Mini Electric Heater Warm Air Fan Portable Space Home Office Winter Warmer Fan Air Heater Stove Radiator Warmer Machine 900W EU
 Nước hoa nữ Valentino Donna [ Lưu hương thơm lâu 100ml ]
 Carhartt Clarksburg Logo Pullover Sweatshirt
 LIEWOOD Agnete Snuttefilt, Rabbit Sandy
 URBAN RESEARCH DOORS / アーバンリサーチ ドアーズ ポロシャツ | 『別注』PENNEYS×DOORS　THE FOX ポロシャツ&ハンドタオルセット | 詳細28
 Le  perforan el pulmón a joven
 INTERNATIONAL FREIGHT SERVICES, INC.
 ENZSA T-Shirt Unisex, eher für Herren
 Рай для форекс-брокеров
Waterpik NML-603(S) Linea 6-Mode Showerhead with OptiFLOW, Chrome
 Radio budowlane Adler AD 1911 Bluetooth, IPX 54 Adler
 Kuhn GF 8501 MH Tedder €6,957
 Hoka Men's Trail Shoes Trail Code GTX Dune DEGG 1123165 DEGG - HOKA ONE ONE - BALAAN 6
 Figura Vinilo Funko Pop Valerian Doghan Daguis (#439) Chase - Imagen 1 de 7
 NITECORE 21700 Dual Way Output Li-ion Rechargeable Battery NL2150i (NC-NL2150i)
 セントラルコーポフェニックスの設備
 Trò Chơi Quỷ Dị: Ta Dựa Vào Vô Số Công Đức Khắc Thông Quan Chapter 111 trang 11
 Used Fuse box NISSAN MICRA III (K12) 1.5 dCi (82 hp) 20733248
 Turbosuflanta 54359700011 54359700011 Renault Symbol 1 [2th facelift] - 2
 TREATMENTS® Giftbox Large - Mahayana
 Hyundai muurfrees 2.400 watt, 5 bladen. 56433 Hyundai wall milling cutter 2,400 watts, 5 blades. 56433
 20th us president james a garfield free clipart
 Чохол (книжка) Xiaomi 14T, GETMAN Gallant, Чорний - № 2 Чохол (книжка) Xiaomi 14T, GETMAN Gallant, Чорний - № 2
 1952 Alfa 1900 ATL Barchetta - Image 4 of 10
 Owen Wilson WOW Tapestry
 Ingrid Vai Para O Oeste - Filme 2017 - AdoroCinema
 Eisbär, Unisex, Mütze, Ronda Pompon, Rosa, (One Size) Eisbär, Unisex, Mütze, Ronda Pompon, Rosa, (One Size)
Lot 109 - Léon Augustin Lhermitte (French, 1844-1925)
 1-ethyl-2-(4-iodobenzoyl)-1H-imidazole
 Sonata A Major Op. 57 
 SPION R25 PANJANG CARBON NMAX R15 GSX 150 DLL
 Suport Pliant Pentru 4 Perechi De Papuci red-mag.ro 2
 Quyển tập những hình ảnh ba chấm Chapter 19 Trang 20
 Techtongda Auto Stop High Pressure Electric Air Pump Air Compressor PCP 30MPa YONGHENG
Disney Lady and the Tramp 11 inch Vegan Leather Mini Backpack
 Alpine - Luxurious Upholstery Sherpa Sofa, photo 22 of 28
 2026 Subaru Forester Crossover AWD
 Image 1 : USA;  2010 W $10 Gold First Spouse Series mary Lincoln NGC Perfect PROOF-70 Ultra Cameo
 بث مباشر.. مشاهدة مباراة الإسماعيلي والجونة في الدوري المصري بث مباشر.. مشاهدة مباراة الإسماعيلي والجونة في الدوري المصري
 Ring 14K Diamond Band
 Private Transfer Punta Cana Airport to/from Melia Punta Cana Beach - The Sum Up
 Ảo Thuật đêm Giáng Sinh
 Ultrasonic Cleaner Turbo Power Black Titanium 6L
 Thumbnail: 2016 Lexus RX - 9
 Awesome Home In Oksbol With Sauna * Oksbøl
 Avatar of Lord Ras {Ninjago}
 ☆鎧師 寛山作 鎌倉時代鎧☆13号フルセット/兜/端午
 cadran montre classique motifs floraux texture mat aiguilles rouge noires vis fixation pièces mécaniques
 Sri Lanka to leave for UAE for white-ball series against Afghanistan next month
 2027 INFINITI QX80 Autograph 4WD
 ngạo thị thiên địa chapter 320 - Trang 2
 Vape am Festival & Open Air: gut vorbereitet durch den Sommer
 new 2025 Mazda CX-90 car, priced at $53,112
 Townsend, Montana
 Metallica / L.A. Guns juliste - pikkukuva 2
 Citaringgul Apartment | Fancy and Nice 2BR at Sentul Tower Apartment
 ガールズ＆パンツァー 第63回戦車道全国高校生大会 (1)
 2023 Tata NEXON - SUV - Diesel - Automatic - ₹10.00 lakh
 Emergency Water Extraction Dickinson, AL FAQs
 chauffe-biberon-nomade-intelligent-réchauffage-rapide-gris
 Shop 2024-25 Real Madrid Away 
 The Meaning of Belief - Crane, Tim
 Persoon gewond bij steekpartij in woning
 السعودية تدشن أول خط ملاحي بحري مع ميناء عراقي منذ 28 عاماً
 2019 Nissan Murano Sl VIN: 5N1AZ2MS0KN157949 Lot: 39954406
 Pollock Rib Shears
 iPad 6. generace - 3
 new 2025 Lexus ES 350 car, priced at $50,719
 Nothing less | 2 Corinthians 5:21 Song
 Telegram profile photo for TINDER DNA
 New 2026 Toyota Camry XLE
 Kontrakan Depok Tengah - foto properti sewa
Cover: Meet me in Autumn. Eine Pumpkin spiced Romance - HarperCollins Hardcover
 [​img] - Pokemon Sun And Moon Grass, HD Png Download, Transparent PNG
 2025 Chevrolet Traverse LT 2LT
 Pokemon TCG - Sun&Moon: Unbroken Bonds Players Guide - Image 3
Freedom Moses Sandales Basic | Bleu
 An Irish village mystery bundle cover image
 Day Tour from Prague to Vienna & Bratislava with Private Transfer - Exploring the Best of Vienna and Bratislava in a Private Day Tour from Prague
+++
Would you please copy the material above exactly, with nothing left out?

(Solution below):
Mini Electric Heater Warm Air Fan Portable Space Home Office Winter Warmer Fan Air Heater Stove Radiator Warmer Machine 900W EU
 Nước hoa nữ Valentino Donna [ Lưu hương thơm lâu 100ml ]
 Carhartt Clarksburg Logo Pullover Sweatshirt
 LIEWOOD Agnete Snuttefilt, Rabbit Sandy
 URBAN RESEARCH DOORS / アーバンリサーチ ドアーズ ポロシャツ | 『別注』PENNEYS×DOORS　THE FOX ポロシャツ&ハンドタオルセット | 詳細28
 Le  perforan el pulmón a joven
 INTERNATIONAL FREIGHT SERVICES, INC.
 ENZSA T-Shirt Unisex, eher für Herren
 Рай для форекс-брокеров
Waterpik NML-603(S) Linea 6-Mode Showerhead with OptiFLOW, Chrome
 Radio budowlane Adler AD 1911 Bluetooth, IPX 54 Adler
 Kuhn GF 8501 MH Tedder €6,957
 Hoka Men's Trail Shoes Trail Code GTX Dune DEGG 1123165 DEGG - HOKA ONE ONE - BALAAN 6
 Figura Vinilo Funko Pop Valerian Doghan Daguis (#439) Chase - Imagen 1 de 7
 NITECORE 21700 Dual Way Output Li-ion Rechargeable Battery NL2150i (NC-NL2150i)
 セントラルコーポフェニックスの設備
 Trò Chơi Quỷ Dị: Ta Dựa Vào Vô Số Công Đức Khắc Thông Quan Chapter 111 trang 11
 Used Fuse box NISSAN MICRA III (K12) 1.5 dCi (82 hp) 20733248
 Turbosuflanta 54359700011 54359700011 Renault Symbol 1 [2th facelift] - 2
 TREATMENTS® Giftbox Large - Mahayana
 Hyundai muurfrees 2.400 watt, 5 bladen. 56433 Hyundai wall milling cutter 2,400 watts, 5 blades. 56433
 20th us president james a garfield free clipart
 Чохол (книжка) Xiaomi 14T, GETMAN Gallant, Чорний - № 2 Чохол (книжка) Xiaomi 14T, GETMAN Gallant, Чорний - № 2
 1952 Alfa 1900 ATL Barchetta - Image 4 of 10
 Owen Wilson WOW Tapestry
 Ingrid Vai Para O Oeste - Filme 2017 - AdoroCinema
 Eisbär, Unisex, Mütze, Ronda Pompon, Rosa, (One Size) Eisbär, Unisex, Mütze, Ronda Pompon, Rosa, (One Size)
Lot 109 - Léon Augustin Lhermitte (French, 1844-1925)
 1-ethyl-2-(4-iodobenzoyl)-1H-imidazole
 Sonata A Major Op. 57 
 SPION R25 PANJANG CARBON NMAX R15 GSX 150 DLL
 Suport Pliant Pentru 4 Perechi De Papuci red-mag.ro 2
 Quyển tập những hình ảnh ba chấm Chapter 19 Trang 20
 Techtongda Auto Stop High Pressure Electric Air Pump Air Compressor PCP 30MPa YONGHENG
Disney Lady and the Tramp 11 inch Vegan Leather Mini Backpack
 Alpine - Luxurious Upholstery Sherpa Sofa, photo 22 of 28
 2026 Subaru Forester Crossover AWD
 Image 1 : USA;  2010 W $10 Gold First Spouse Series mary Lincoln NGC Perfect PROOF-70 Ultra Cameo
 بث مباشر.. مشاهدة مباراة الإسماعيلي والجونة في الدوري المصري بث مباشر.. مشاهدة مباراة الإسماعيلي والجونة في الدوري المصري
 Ring 14K Diamond Band
 Private Transfer Punta Cana Airport to/from Melia Punta Cana Beach - The Sum Up
 Ảo Thuật đêm Giáng Sinh
 Ultrasonic Cleaner Turbo Power Black Titanium 6L
 Thumbnail: 2016 Lexus RX - 9
 Awesome Home In Oksbol With Sauna * Oksbøl
 Avatar of Lord Ras {Ninjago}
 ☆鎧師 寛山作 鎌倉時代鎧☆13号フルセット/兜/端午
 cadran montre classique motifs floraux texture mat aiguilles rouge noires vis fixation pièces mécaniques
 Sri Lanka to leave for UAE for white-ball series against Afghanistan next month
 2027 INFINITI QX80 Autograph 4WD
 ngạo thị thiên địa chapter 320 - Trang 2
 Vape am Festival & Open Air: gut vorbereitet durch den Sommer
 new 2025 Mazda CX-90 car, priced at $53,112
 Townsend, Montana
 Metallica / L.A. Guns juliste - pikkukuva 2
 Citaringgul Apartment | Fancy and Nice 2BR at Sentul Tower Apartment
 ガールズ＆パンツァー 第63回戦車道全国高校生大会 (1)
 2023 Tata NEXON - SUV - Diesel - Automatic - ₹10.00 lakh
 Emergency Water Extraction Dickinson, AL FAQs
 chauffe-biberon-nomade-intelligent-réchauffage-rapide-gris
 Shop 2024-25 Real Madrid Away 
 The Meaning of Belief - Crane, Tim
 Persoon gewond bij steekpartij in woning
 السعودية تدشن أول خط ملاحي بحري مع ميناء عراقي منذ 28 عاماً
 2019 Nissan Murano Sl VIN: 5N1AZ2MS0KN157949 Lot: 39954406
 Pollock Rib Shears
 iPad 6. generace - 3
 new 2025 Lexus ES 350 car, priced at $50,719
 Nothing less | 2 Corinthians 5:21 Song
 Telegram profile photo for TINDER DNA
 New 2026 Toyota Camry XLE
 Kontrakan Depok Tengah - foto properti sewa
Cover: Meet me in Autumn. Eine Pumpkin spiced Romance - HarperCollins Hardcover
 [​img] - Pokemon Sun And Moon Grass, HD Png Download, Transparent PNG
 2025 Chevrolet Traverse LT 2LT
 Pokemon TCG - Sun&Moon: Unbroken Bonds Players Guide - Image 3
Freedom Moses Sandales Basic | Bleu
 An Irish village mystery bundle cover image
 Day Tour from Prague to Vienna & Bratislava with Private Transfer - Exploring the Best of Vienna and Bratislava in a Private Day Tour from Prague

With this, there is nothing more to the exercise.